Input material |

━━━━━━

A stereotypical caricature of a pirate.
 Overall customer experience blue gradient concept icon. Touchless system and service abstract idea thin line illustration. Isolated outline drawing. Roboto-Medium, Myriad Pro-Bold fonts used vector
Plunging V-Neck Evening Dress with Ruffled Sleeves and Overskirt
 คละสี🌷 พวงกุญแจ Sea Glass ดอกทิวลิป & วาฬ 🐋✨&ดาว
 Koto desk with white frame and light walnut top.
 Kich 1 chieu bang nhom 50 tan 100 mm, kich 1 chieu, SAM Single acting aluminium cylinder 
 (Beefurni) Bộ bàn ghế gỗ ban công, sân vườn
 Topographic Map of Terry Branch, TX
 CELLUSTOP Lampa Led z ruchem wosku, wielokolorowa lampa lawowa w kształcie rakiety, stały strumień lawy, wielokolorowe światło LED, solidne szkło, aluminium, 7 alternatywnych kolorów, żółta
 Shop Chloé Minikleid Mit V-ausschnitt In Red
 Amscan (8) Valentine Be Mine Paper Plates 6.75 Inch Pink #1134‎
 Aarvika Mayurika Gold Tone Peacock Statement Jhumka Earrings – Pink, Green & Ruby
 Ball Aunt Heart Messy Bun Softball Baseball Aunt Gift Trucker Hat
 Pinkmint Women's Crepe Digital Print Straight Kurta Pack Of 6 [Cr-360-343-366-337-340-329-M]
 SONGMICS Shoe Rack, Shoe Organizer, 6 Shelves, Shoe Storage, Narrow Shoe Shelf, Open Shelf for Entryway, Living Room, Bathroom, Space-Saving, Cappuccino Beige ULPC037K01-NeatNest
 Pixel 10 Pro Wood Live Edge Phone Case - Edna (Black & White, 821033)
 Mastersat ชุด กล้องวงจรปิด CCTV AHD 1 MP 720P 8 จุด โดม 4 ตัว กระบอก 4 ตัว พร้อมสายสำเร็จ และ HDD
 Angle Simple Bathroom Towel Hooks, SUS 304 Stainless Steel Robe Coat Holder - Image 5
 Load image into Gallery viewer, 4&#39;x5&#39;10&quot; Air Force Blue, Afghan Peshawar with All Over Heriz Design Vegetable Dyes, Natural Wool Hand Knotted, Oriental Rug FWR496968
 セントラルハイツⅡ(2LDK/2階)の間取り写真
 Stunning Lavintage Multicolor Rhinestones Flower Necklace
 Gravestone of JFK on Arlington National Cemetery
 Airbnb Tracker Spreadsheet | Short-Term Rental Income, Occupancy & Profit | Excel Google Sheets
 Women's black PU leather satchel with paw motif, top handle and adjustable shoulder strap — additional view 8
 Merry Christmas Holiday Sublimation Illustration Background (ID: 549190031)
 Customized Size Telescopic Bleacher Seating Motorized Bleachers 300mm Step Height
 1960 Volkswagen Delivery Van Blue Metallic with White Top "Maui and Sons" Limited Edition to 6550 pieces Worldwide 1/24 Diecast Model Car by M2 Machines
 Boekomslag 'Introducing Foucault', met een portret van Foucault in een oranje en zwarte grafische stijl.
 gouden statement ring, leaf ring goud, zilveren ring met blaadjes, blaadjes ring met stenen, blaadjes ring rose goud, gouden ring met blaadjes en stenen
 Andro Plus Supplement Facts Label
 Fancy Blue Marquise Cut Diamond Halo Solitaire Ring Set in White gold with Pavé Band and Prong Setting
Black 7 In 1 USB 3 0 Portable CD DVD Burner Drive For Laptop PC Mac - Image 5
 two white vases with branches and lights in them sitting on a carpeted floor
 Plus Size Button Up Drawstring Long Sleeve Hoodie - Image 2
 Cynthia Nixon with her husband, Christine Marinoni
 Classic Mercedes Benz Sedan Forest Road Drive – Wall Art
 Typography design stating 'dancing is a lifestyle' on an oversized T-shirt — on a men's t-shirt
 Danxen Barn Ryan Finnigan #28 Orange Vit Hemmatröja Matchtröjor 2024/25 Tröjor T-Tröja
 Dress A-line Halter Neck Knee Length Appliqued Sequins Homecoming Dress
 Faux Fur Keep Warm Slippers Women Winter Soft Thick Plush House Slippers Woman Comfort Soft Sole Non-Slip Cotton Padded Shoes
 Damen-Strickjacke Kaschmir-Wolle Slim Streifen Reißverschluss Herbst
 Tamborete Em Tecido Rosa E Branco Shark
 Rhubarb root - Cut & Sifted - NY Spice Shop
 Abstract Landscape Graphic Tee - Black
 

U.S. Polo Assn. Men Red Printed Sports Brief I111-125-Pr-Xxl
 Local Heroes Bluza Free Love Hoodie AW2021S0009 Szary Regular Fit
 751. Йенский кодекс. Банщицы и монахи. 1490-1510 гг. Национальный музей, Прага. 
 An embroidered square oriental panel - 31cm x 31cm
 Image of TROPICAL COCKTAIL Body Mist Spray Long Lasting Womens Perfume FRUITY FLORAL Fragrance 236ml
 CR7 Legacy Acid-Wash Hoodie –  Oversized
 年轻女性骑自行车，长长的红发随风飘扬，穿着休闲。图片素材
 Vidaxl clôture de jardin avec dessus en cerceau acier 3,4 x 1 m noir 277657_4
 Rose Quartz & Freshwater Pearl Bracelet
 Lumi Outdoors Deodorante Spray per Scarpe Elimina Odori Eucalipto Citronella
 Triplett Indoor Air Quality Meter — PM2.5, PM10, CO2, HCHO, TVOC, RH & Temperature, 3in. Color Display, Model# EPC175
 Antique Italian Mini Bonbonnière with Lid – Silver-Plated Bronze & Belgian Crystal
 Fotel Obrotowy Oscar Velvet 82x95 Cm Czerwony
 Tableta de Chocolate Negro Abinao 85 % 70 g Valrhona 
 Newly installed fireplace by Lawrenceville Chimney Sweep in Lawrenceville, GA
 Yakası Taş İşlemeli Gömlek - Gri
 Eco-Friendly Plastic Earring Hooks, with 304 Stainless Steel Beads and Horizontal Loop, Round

━━━━━━

Task prompt | Go through the records and report each line that contains "Long".

The completed task |
 Plus Size Button Up Drawstring Long Sleeve Hoodie - Image 2
 Image of TROPICAL COCKTAIL Body Mist Spray Long Lasting Womens Perfume FRUITY FLORAL Fragrance 236ml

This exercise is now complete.